Fillon plant Koalition mit Assad und Putin
Dem gegenüber sucht François Fillon die Zusammenarbeit mit Baschar Al-Assad und Putin - im gemeinsamen Kampf gegen die Terrororganisation Islamischer Staat. Und er kritisiert, dass Staatspräsident Hollande im Herbst von russischen "Kriegsverbrechen" sprach und sich weigerte, Putin anlässlich der Einweihung der russischen Kathedrale von Paris zu empfangen. Stattdessen gelte es, die Zusammenarbeit endlich zu intensivieren.
"Natürlich brauchen wir eine Koalition mit Russland. Und es wäre schon ein starkes Stück, wenn jetzt, nachdem Frankreich zuletzt eine sehr kontraproduktive Haltung zu Russland hatte, wenn es jetzt zu einer Annäherung zwischen Russland und den USA käme - ohne unsere Beteiligung."

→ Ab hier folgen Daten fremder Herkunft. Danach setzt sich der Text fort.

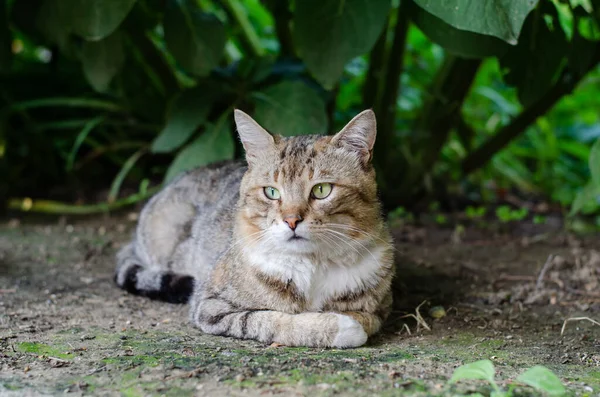 Street Cat Lies Street Yard Spotted Cat Abandoned Pet Domestic — Stok fotoğraf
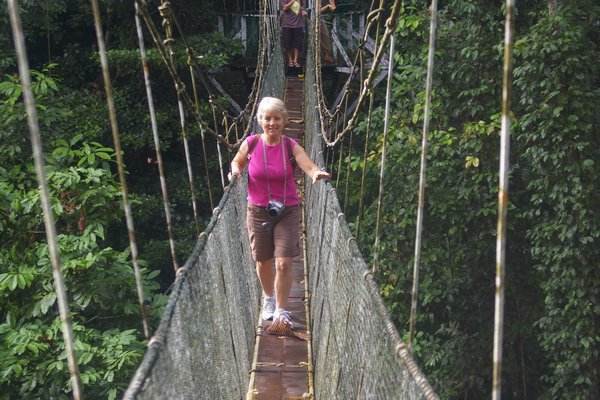 03. Forest canopy walk 480meters long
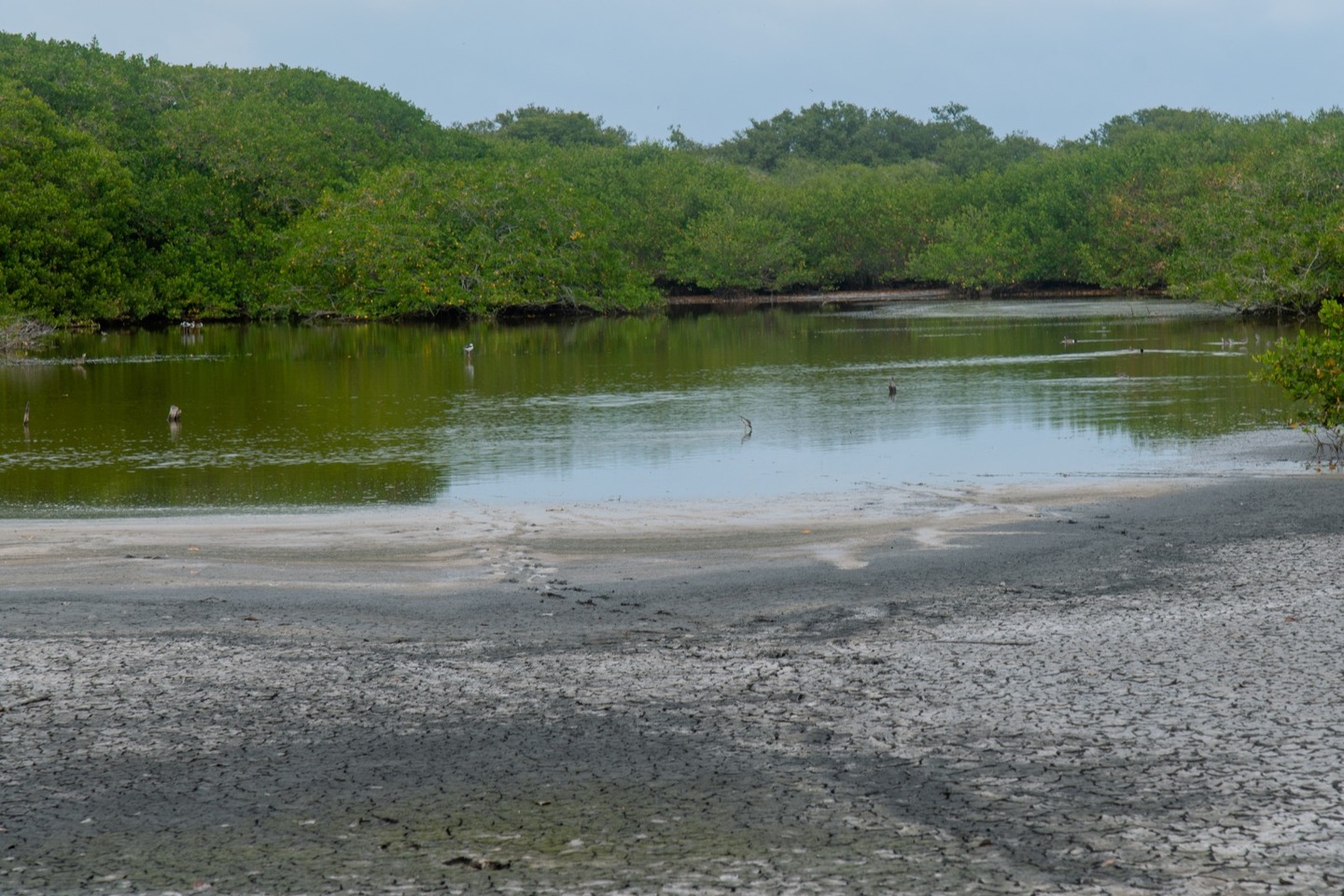 Área de Protección y Conservación San Basilio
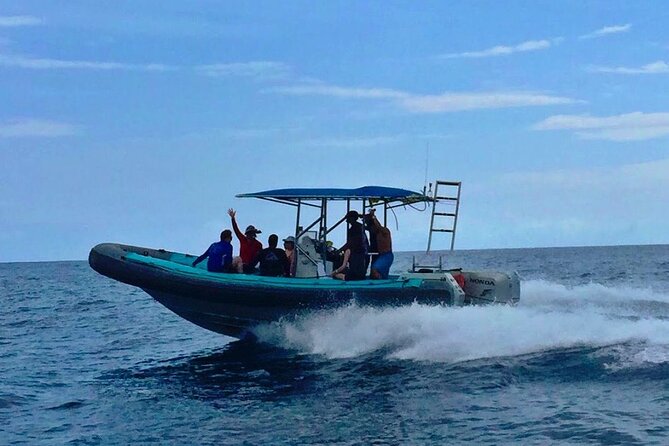 Manta Ray Night Snorkel at Kona, Big Island - The crew and the feeling of safety
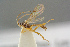 ( - BC-ZSM-HYM-27505-G02)  @14 [ ] CreativeCommons - Attribution Non-Commercial Share-Alike (2017) SNSB, Staatliche Naturwissenschaftliche Sammlungen Bayerns ZSM (SNSB, Zoologische Staatssammlung Muenchen)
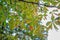 Close up chestnut tree leaves, damaged by leaf- mining moth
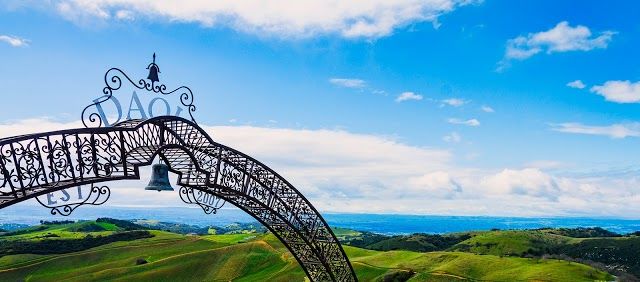 DAOU Vineyards & Winery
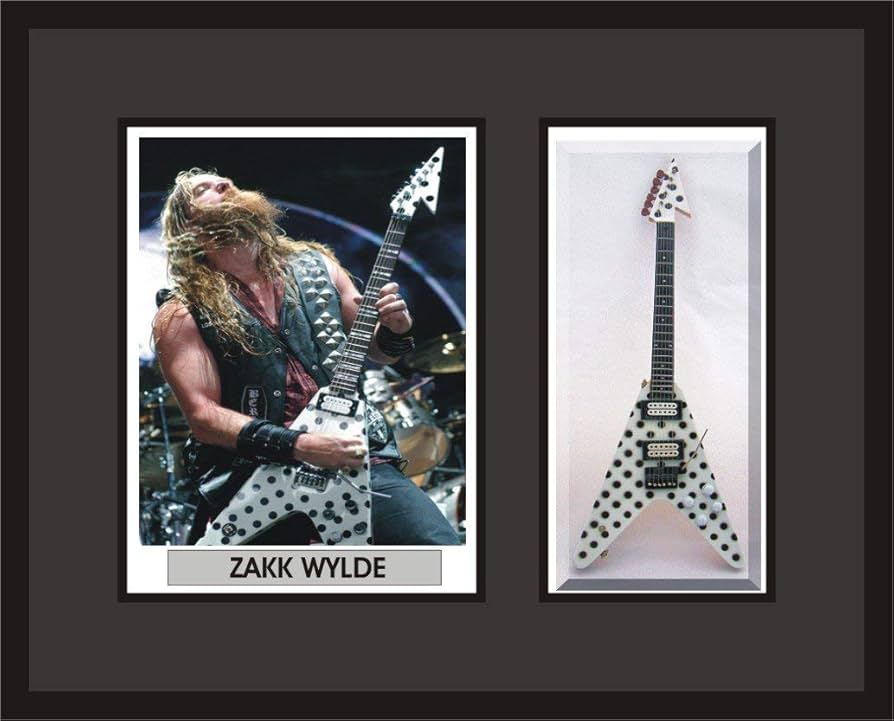 Amazon.co.jp: ZAKK WYLDE Guitar Shadowbox Frame Polka Dots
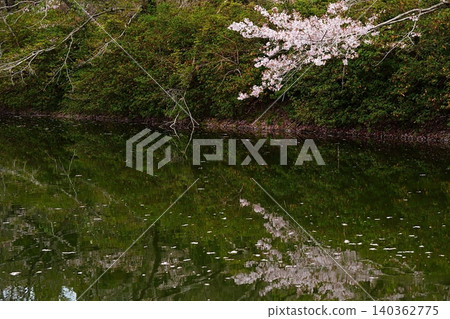 Cherry blossoms reflected on the water's surface Cherry blossoms reflected on the water's surface 140362775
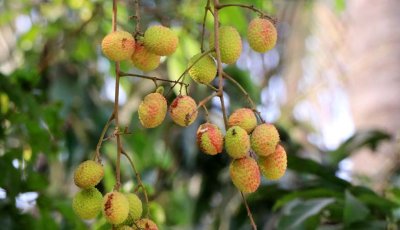 তাপদাহে ঝড়ছে আম, ফাটছে লিচু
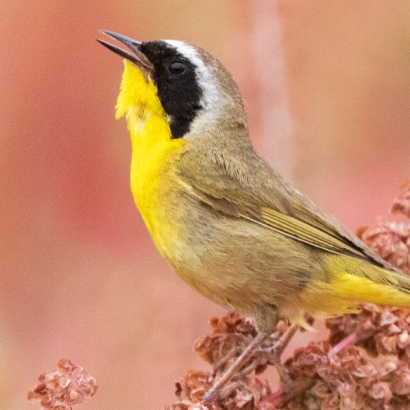 SoundScapes: His Camera Led Him into the Sounds of Nature
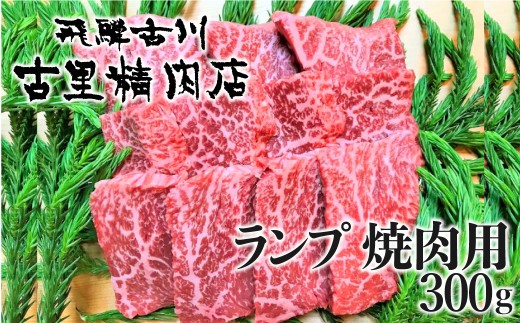 飛騨牛 5等級 もも肉レア部位 ランプ 焼肉用300ｇ 飛騨市推奨特産品 古里精肉店 牛肉 和牛 肉 焼肉 熨斗掛け 熨斗掛け 30000円 3万円 [C0043ch]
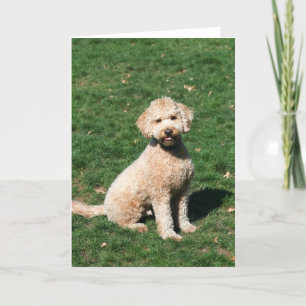 Cartão Mini Goldendoodle puppy greeting card
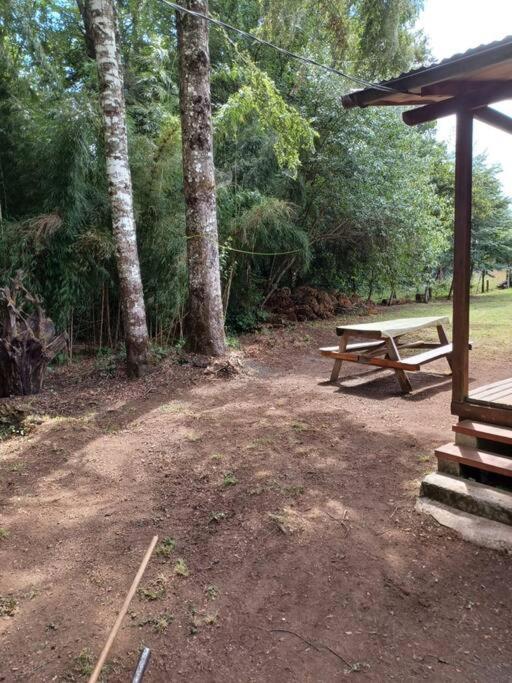 Del Volcan Lican Ray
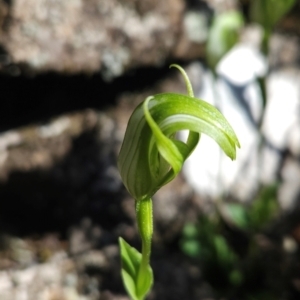 Pterostylis scabrida at Wellington Park, TAS - suppressed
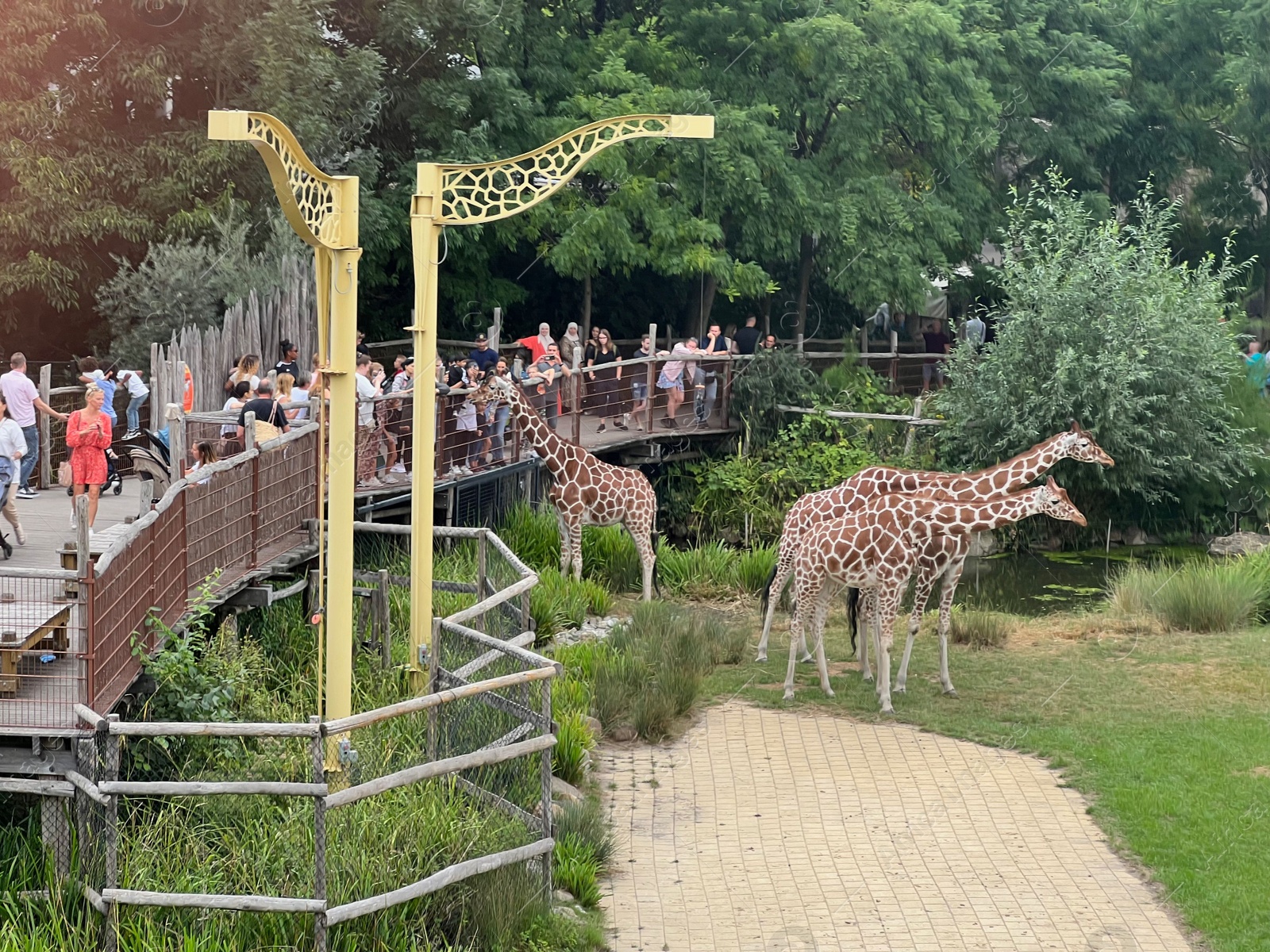 Photo of Rotterdam, Netherlands - August 27, 2022: Group of beautiful giraffes in zoo enclosure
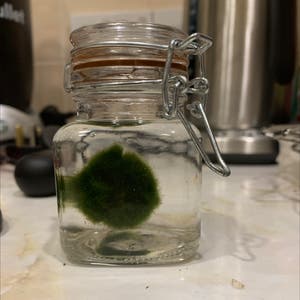 Marimo Moss Balls plant photo by @Alfonzo named Moss on Greg, the plant care app.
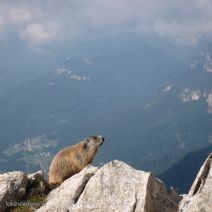 Klettersteigwoche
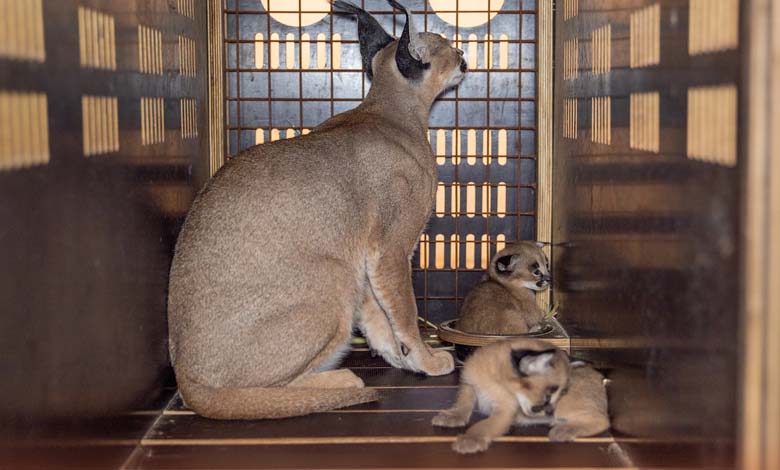 Un centre de recherche saoudien assiste à la naissance des premiers jumeaux de caracals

Und auch Putin selber äußerte sich bereits. Ein "harter Verhandlungspartner" sei "François", "in höchstem Maße ein Profi" - und ein "anständiger Mann", zu dem er "sehr gute persönliche Beziehungen habe". Aus dem Kreml hieß es ferner, man werde den Ausgang der Stichwahl am Sonntag "mit Spannung verfolgen".